SpaceX Unveils Massive Starship Prototype Design

SpaceX Unveils Massive Starship Prototype Design

It seems that SpaceX wasn’t kidding about sending humans to the moon and eventually Mars.

On Saturday, CEO Elon Musk presented new details about the company’s gigantic Starship rocket at the company’s test site in Boca Chica, Texas. Looming behind him: the now-completed 165-foot Starship MK1 prototype, which has been in construction for months now and which the company plans to test later this year.

“This thing is going to take off, fly to 65,000 feet — about 20 kilometers — and come back and land in about one to two months,” Musk said at the event. “So that giant thing, it’s really going be pretty epic to see that thing take off and come back.”
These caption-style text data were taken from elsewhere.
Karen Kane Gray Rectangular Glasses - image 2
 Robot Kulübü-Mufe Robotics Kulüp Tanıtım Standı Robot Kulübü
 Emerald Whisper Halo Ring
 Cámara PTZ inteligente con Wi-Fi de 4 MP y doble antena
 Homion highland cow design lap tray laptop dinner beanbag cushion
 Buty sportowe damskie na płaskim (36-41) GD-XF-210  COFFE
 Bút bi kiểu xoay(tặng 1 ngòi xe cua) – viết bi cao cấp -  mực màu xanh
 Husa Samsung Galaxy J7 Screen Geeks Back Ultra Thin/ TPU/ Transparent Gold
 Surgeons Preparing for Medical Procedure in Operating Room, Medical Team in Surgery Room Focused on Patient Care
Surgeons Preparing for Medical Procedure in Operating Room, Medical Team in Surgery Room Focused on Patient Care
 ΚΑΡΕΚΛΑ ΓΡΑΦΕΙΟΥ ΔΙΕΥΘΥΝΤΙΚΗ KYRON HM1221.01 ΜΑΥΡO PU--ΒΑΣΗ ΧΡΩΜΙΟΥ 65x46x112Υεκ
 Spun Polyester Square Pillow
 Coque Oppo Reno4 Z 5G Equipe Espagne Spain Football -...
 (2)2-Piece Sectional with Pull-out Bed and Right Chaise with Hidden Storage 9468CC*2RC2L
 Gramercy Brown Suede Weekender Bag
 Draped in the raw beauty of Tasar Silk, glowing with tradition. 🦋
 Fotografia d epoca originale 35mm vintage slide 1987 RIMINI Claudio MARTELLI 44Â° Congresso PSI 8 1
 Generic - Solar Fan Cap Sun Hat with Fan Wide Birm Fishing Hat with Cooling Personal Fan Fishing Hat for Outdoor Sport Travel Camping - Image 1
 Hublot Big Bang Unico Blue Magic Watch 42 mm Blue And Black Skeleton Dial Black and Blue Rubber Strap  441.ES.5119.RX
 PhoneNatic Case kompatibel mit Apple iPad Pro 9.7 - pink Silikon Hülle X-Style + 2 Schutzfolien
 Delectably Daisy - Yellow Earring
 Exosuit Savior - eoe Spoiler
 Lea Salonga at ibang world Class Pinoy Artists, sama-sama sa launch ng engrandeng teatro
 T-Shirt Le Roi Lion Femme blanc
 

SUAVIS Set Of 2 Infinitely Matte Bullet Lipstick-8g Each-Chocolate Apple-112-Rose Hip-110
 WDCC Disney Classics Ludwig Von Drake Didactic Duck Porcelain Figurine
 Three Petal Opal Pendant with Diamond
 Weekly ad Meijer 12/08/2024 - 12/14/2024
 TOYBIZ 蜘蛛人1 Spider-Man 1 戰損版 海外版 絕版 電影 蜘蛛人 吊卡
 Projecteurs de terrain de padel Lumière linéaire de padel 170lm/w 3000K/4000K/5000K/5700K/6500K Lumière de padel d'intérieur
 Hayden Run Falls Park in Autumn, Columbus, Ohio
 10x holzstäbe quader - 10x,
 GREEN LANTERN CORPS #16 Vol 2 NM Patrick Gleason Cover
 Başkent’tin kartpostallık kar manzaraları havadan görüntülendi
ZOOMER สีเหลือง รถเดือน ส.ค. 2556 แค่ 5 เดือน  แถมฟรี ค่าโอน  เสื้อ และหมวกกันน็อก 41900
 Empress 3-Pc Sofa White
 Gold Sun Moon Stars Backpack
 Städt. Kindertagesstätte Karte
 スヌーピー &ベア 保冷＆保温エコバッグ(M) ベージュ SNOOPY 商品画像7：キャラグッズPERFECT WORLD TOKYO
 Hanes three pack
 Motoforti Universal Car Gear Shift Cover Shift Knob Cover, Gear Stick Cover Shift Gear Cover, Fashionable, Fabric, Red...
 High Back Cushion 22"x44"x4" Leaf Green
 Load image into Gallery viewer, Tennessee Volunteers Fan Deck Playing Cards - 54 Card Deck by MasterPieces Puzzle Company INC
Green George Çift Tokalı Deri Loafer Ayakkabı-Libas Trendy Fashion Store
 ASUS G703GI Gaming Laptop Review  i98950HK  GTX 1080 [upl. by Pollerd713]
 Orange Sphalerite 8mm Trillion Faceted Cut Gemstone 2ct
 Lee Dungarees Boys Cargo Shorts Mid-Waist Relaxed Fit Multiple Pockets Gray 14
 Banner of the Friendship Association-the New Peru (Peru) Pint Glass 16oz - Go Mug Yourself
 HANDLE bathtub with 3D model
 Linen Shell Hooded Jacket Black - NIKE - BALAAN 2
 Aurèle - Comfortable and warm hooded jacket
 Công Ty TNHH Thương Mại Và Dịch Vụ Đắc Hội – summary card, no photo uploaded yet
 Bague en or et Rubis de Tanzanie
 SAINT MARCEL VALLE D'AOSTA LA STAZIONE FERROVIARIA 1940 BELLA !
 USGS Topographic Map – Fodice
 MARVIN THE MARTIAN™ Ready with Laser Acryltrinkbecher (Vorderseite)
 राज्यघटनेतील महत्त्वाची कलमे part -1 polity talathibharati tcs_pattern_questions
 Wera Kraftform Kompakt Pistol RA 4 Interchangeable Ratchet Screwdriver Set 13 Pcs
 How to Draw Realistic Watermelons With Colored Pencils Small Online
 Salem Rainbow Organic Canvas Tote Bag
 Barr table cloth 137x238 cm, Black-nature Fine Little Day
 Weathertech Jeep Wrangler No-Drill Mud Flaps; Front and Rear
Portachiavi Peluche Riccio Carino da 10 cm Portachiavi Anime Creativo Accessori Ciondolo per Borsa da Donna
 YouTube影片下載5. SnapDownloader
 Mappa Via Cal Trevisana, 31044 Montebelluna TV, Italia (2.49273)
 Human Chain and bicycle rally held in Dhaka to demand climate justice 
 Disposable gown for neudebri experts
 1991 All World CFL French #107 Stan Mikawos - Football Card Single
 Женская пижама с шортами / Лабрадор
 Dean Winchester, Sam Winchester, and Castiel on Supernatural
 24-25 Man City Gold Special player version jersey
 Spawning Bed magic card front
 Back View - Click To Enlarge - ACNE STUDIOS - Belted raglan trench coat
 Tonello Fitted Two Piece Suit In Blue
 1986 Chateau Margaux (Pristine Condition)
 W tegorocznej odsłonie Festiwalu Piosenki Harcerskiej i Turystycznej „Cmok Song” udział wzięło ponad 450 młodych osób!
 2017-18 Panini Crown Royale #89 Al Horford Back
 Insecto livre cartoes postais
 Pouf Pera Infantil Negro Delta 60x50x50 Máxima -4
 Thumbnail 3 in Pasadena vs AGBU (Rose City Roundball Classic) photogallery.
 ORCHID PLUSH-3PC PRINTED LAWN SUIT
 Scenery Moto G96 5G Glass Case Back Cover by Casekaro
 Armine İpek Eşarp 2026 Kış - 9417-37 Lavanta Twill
The prototype features three next-gen reusable Raptor engines and a total of four fins, seemingly powered by Tesla battery packs. With fuel, the entire rig will weigh about 1,400 tons.

Together with its Super Heavy booster, it could end up becoming — by far — the most powerful rocket in the world. Just one Raptor engine produces twice the thrust of the rockets SpaceX uses for its Falcon 9 rockets. According to Musk, it will produce twice as much thrust as the next most powerful rocket in history, NASA’s retired Saturn V rocket that launched the Apollo missions.

Rather than having the boosters land on pads, like SpaceX’s Falcon 9 rockets, Starship will right itself after descending belly first through the atmosphere.

“It’s much more akin to a skydiver,” Musk said at the event. “It will look totally nuts to see that thing land.”

SpaceX is also making a few changes regarding where it makes the Starship rockets. The company noted that it will shift some of its Starship prototype production to Boca Chica, Texas, rather than the Port of Los Angeles as originally planned. However, development and some manufacturing of Starship and the Raptor engines will still be done out of SpaceX’s headquarters in Hawthorne, California. Musk said the company chose to build the prototypes locally in Texas because they were too big to move across the country easily.